### WORK REQUIRED:
The reply must consist of the entire listing, reproduced exactly.

### RAW DATA:
▬▬▬▬▬▬
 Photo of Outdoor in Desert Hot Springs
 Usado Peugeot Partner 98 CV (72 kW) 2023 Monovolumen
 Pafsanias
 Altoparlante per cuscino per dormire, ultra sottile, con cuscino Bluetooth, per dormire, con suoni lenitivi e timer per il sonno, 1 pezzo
▬▬▬▬▬▬
### TASK RESULT:
 Photo of Outdoor in Desert Hot Springs
 Usado Peugeot Partner 98 CV (72 kW) 2023 Monovolumen
 Pafsanias
 Altoparlante per cuscino per dormire, ultra sottile, con cuscino Bluetooth, per dormire, con suoni lenitivi e timer per il sonno, 1 pezzo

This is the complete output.